The decision reported by a panel of the ninth Circuit Court of Appeals on June 26 in Newdow v. U. S. Congress was written by semiretired Judge Alfred T. Goodwin, a Richard Nixon appointee, who while before the decision had seemed in good health, was immediately described by conservative pundits as "senile."
All Goodwin's decision said was that the l954 alteration of the Pledge originally written by educator and Baptist preacher Francis Bellamy in 1892 violated the First Amendment's establishment clause and rendered its recitation in public schools unconstitutional. The man who brought the case was Michael A. Newdow, an emergency room physician as well as a California attorney. Newdow has an 8-year-old daughter who he felt could become an outcast, or at least a second-class citizen in her second-grade classroom, if she did not recite the Pledge.
In many ways this was a quintessential example of what scholars call "strict construction," an effort to narrowly apply the original and obvious intent of the Constitution's drafters. It also represented a rigorous application of precedent to a current fact pattern, without regard to the judges' sense of the propriety of the earlier decisions. A central command of the First Amendment is that "Congress shall make no law respecting an establishment of religion."
In l954 Congress added "under God" to the original pledge. It thus converted a purely secular affirmation of patriotism into a pronouncement of a religious creed. It unambiguously asserted that God, not multiple gods, had an active interest in the affairs of the nation. This is, of course, a view held by the vast majority of Americans. However, it is hard to argue with a straight face that it is not a law about religion that officially announces a theology for the country. So understood, it is just what the framers had in mind in proscribing such actions.

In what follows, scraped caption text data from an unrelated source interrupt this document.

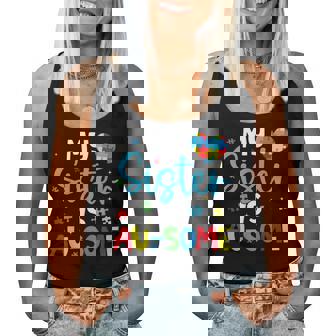 My Sister Is Au-Some Autism Awareness Squad Support Brother Women Tank Top | Seseable FR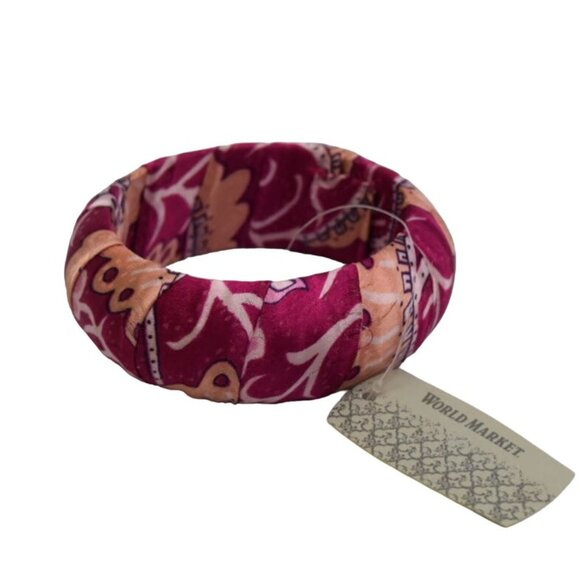World Market Fabric Bangle Bracelet Chunky Bohemiam Boho Pinks New - Picture 5 of 6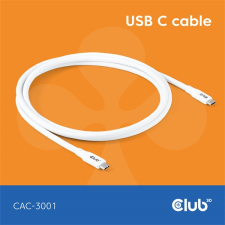 Club 3D Kábel - CAC-3001 (USB-C, PD 240W, 20Gbps, 4K60Hz, 2m, fehér) kábel és adapter
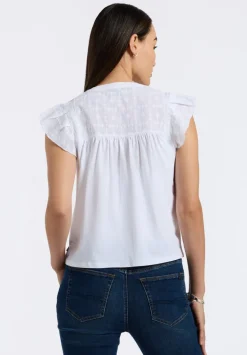 Mckaylie Women's Split Neck Flutter Sleeve Top with Embroidered Lace Details, White - KT0210P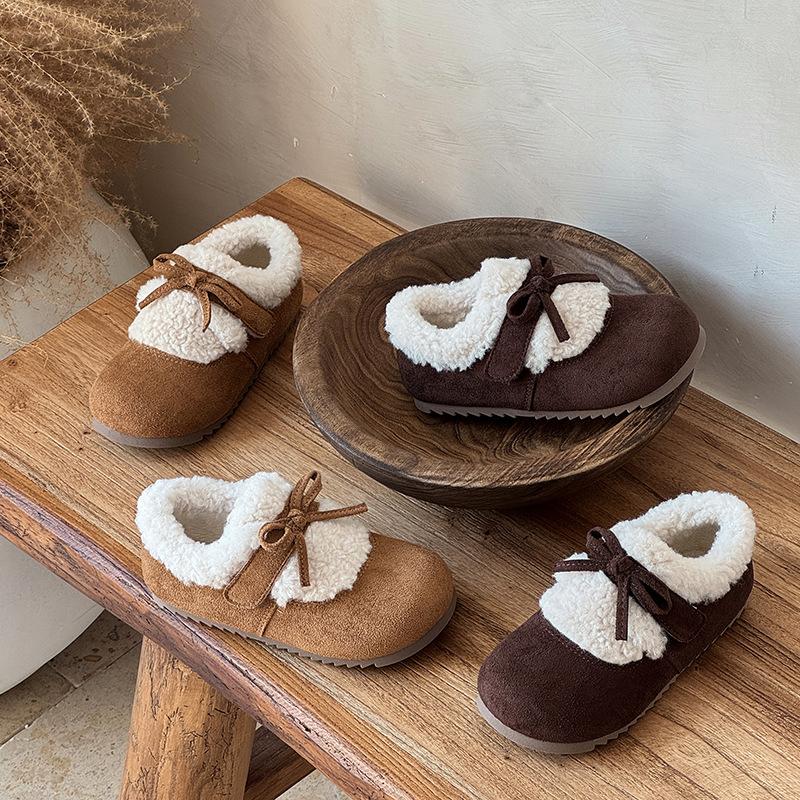 New Winter Trendy Children Snow Shoes Suede Leather Lazy Loafers Boots Shoes Girl Fashion Plush Leisure Platform Sneakers I10026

The court's majority recognized immediately that there could be no "secular purpose" for its inclusion. Even the briefest review of the history of the addition shows that it was the product of hard lobbying by Christian advocacy groups, and served the additional purpose, noted by many congressional supporters, of sending a signal that the United States was readily distinguishable from nations adhering to "godless communism." This change happened in the heyday of the McCarthy era.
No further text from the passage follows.